Fibromyalgia (FM) is a condition that typically has a slow, gradual onset that starts out mild and gradually worsens. The symptoms associated with FM include generalized pain all over the body (above and below the waist including neck, shoulders, chest, upper back, arms, hips, buttocks, legs, and feet). The pain can be symmetrical or more intense on the left or right side AND it can vary from day to day. To top it all off, the pain is “chronic” and is usually present for three or more months, sometimes for years, before the FM patient might even mention it to their healthcare provider. The onset can be so gradual that other issues often become the center of focus until the intensity gets to the point where the patient FINALLY complains.
To better appreciate the complexity of FM, there are two types of FM: primary and secondary. Primary FM has no specific cause while secondary FM is linked to something such as trauma associated with a car accident or sports injury, a condition such as irritable bowel syndrome (IBS), chronic fatigue syndrome, restless leg syndrome (RLS), and others. Either way, it is often NOT the kind of thing many patients “bring up” during the discussion of history with their healthcare provider, especially if something else is bothering them that may be more pressing
So, how does one explain the symptoms of FM? Words such as a deep ache, burning, tingling, shooting, tender, pins and needles, stiffness, and flu-like symptoms are often utilized when describing FM symptoms. Almost always, these complaints have been present for a long time – or for at least three months. Often, the patient is reluctant and almost embarrassed to mention it due to the difficulty in describing the symptoms and the fact that they often don’t know the cause. Equally, many doctors have an attitude that is negative and/or non-supportive of the diagnosis of FM making it even more likely FM patients won’t pursue the condition with other healthcare providers. This polarization by physicians is a very common issue and often the reason FM sufferers continue to “put up” with their condition rather than consult with others.

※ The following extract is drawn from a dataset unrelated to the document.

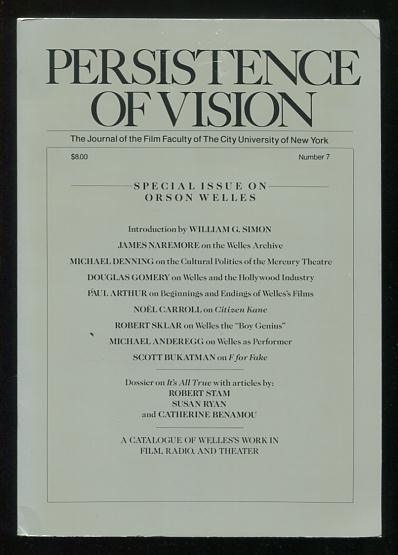 Persistence of Vision: The Journal of the Film Faculty of The City University of New York (Number 7, 1989) [Special Issue on Orson Welles]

The KEY to the diagnosis of FM includes the following: 1) widespread pain NOT limited to one area of the body; 2) greater than three months of symptom duration; 3) symptoms including fatigue, sleep disturbance, depression/anxiety, as well as memory and/or concentration complaints; 4) symptoms severe enough that they interfere with daily living activities/daily life; and 5) difficulty finding an answer to the cause of the symptoms, USUALLY involving more than one healthcare provider. Even though awareness by both the general population and healthcare providers has improved in the last few years, research has shown that 92% of FM patients have talked to their doctor about their complaints, but this resulted in only 24% being diagnosed.

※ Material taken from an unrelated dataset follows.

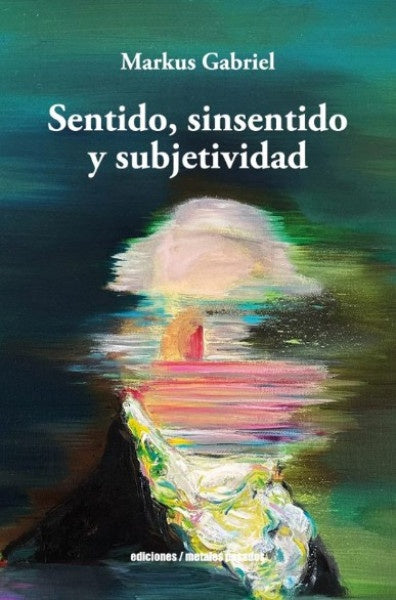 Sentido, sinsentido y subjetividad | Markus Gabriel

Another challenge confronting healthcare providers in making a diagnosis of fibromyalgia is because it can’t be seen on an x-ray or as an alteration on a blood test. Other diseases have to be “ruled out” before the diagnosis is even considered, but as was previously stated, secondary FM results from other conditions making it ALL the more challenging! It boils down to a very careful history and a physical exam has to be performed by the healthcare provider and the provider MUST believe in the diagnosis of FM. Tools such as the Fibromyalgia Pain Assessment can also be very helpful AND it’s available online for the FM patient to access. Bring those results with you to the provider for added help in making the diagnosis!